SUMMARY
=======

This is a quick introduction to the Lightweight Data Pipeline, a set of
sh/bash functions for:

- file dependency checking,
- NFS-safe file locking,
- injection of "manual override" files.


USAGE
=====

To use LWDP, simply put the following near the top of your processing script:

source LWDPDIR/lwdp.sh

where "LWDPDIR" is the directory containing your copy of lwdp.h.


DEPENDENCY CHECKING
===================

Dependency checking and conditional file updating is done as follows:

if LWDP_needs_update target source1 source2 source3; then
   cat source1 source2 source3 > target
fi

This will determine, by comparison of file time stamps, whether file "target"
is older than any of the source files, "source1" through "source3." An
arbitrary number of source files can be provided. If any one of them is newer
than "target", or if "target" does not exist, then it will be (re-)created.


SAFE PARALLEL PROCESSING
========================

If you want to run the same script simultaneously on multiple CPUs (or
multiple machines, e.g., in a cluster), use the following instead:

if LWDP_needs_update_and_lock target source1 source2 source3; then
   cat source1 source2 source3 > target
   LWDP_lockfile_delete target
fi

This will ensure that only one copy of the script will work on any given
target file.

For NFS-safe file locking, it is advisable to have the "lockfile" tool from
the "procmail" package installed on all machines using the script. If
"lockfile" cannot be found, a built-in fallback is used, but it is NOT 100%
safe unfortunately, because sh does not allow for atomic file system
operations.

IMPORTANT - it is vital that "lockfile" exists and is in the binary search
path on ALL machines running the same script, or on NONE of them. File locking
using "lockfile" and built-in fallback-locking are NOT compatible.


MANUAL OVERRIDE FILES
=====================

To inject manual override files into the processing stream, two functions are
defined:

- LWDP_get_override_file
- LWDP_get_override_file_list

The first determines an optional override for a single file, the second
determines one for each in a list of files.
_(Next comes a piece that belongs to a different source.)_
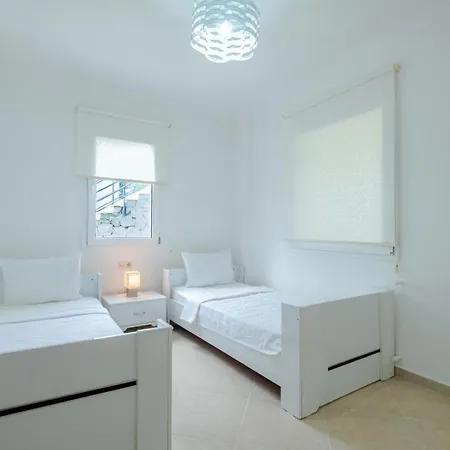 アパート Flat With Sea View And Shared Pool In Bodrum トゥルグトレイス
What do I mean by override?

Say you have a file that is generated by some processing, but the processing
sometimes fails and gives an unusable file. As an example, the processing
could be segmentation of an image into multiple regions, but in some cases,
the segmentation algorithm fails. In this case, it may be desirable to use a
manually-corrected file instead in any further processing.
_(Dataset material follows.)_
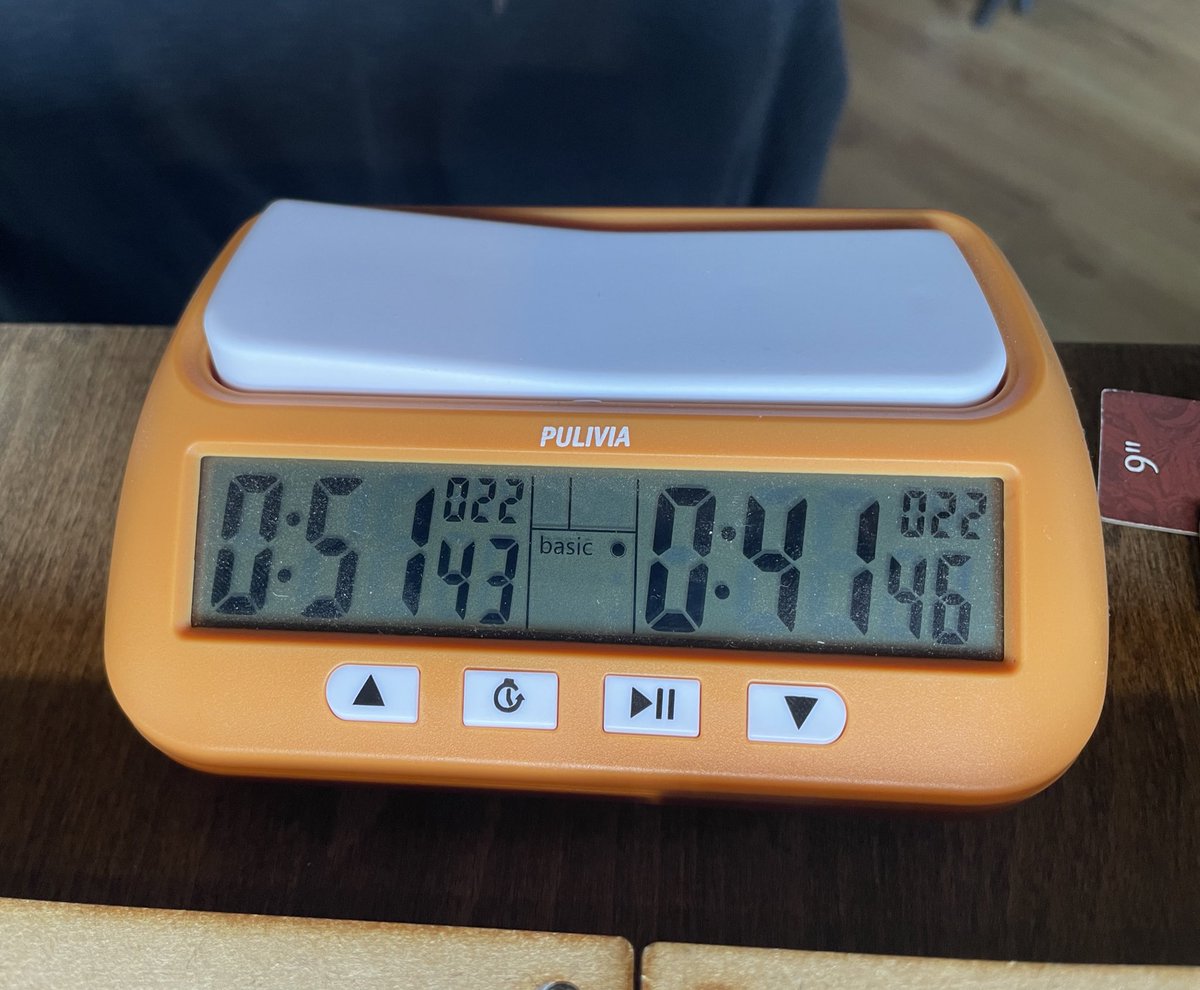 HadrielCaine's tweet image. Classic and destruction game end times remaining 😂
This can be done as follows:


file_to_use=/some/path/to/file.sfx
file_to_use=$(LWDP_get_override_file ${file_to_use})


This will test whether a file

/some/path/to/manual/file.sfx

exists and return this path if it does. If the override file does not exist,
the original path is returned.

The "LWDP_get_override_file_list" function does the same thing, but for each
in a list of files.


TRANSPARENT FILE COMPRESSION
============================

Virtually all functions of LWDP treat compressed files (with suffixes .gz,
.bz2, .xz, and .Z) transparently, which means:

1. in any dependency check, if a source file does not exist, LWDP will check
   for a compressed version and, if one exists, will use that instead.
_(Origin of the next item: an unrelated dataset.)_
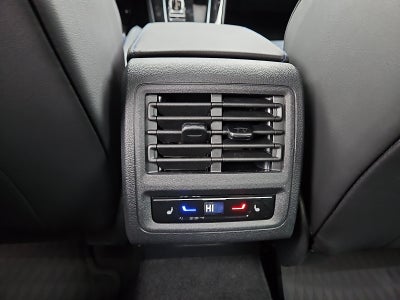 2026 Volkswagen Golf R 2.0T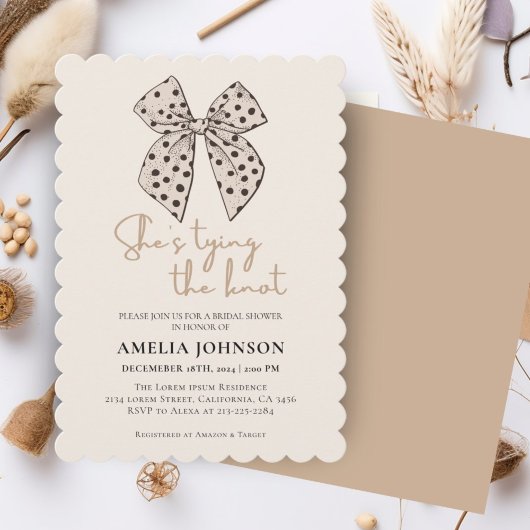 Beige boog Ze is Tying the Knot Vrijgezellenfeest Kaart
2. in any dependency check, a compressed version of the target file is treated
   exactly like an uncompressed one.

3. when checking for manual override files, any compressed override file will
   be used if an uncompressed one does not exist. In this case, the override file
   path will be the full path including compression suffix. If no override
   file exists but the original file is compressed, the returned path will also
   contain the compression suffix.